In part because the bureau refuses this necessary oversight, we are still waiting for detailed answers to Senator Grassley’s questions. If the FBI was conducting a surveillance operation in Cambridge that night related to another matter, what investigation rose to this supreme level of importance? If the FBI has been misleading the public, and its agents were in Cambridge conducting surveillance of the Tsarnaevs on Thursday night, as the MIT officer suggests, where is the accountability for what transpired that night and the next day?
The national security state promises that if we give up our liberty, we will at least enjoy security. In Boston, we got neither. The events that transpired in the Boston metropolitan region on Thursday and Friday April 18-19, 2013 cost hundreds of millions of dollars to the local economy. Our neighborhoods were plunged into a state resembling martial law. A police officer lost his life. The homes of Watertown residents were riddled with bullets—almost exclusively from law enforcement weapons. Many more people could have been killed.
How long will we have to wait for answers?
UPDATE: The Boston FBI office strongly denies Officer Henniger’s claims. Boston Magazine reporter Susan Zalkind spoke with Henniger, who said that his comments were based on a hunch.
Henniger, a 39-year veteran of MIT’s police force, gave fuel to conspiracy theorists and bloggers when he told Northeastern University that “The word was out regarding the suspects. We knew that his house was under surveillance, and the feds were all over the city of Cambridge.” However, when contacted by Boston, Henniger admitted that his information is not based in fact. “We were just assuming,” Henniger said. “We had an idea that they had already put it together who they were.”
Henniger, however, was correct that FBI agents were swarming around Cambridge at the time Collier was killed. Ramsey, who was the on-scene [FBI] commander in Cambridge that day, confirmed that agents “were following up on leads far and wide which included following up on leads on the MIT campus. Everywhere we could, where we had a lead, we would follow-up immediately.” Though he would not give specifics, Ramsey added that the leads his agents were tracking were connected to the bombings but not to the Tsarnaevs.

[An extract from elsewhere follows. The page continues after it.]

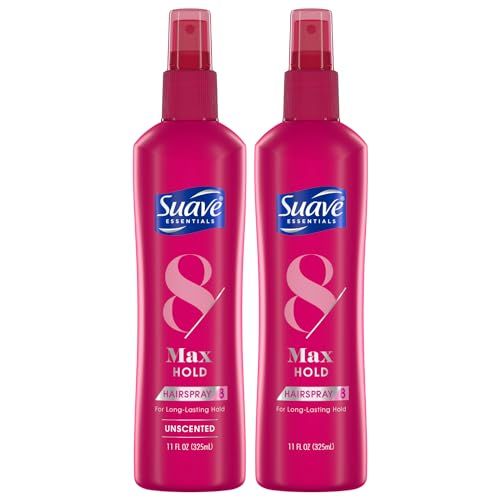 Suave Hairspray, Max Hold Bundle - Unscented Hairspray  Scented Non-Aerosol Hair Spray, 11 Oz Ea (2 Piece Set)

The FBI was following up leads everywhere, including in Cambridge just down the street from Tsarnaev’s house. But apparently the bureau wasn’t following up on the right leads, or in the right places, despite calls to the FBI’s tip line identifying the brothers. Officer Henniger, for his part, still has doubts about the bureau’s official claims:
Despite the FBI’s strong assertions, Henniger stands by his story and says he still has lingering doubts about what the feds knew and when. “We still have questions,” he says, “and to some degree I’m sure [the FBI] knew.”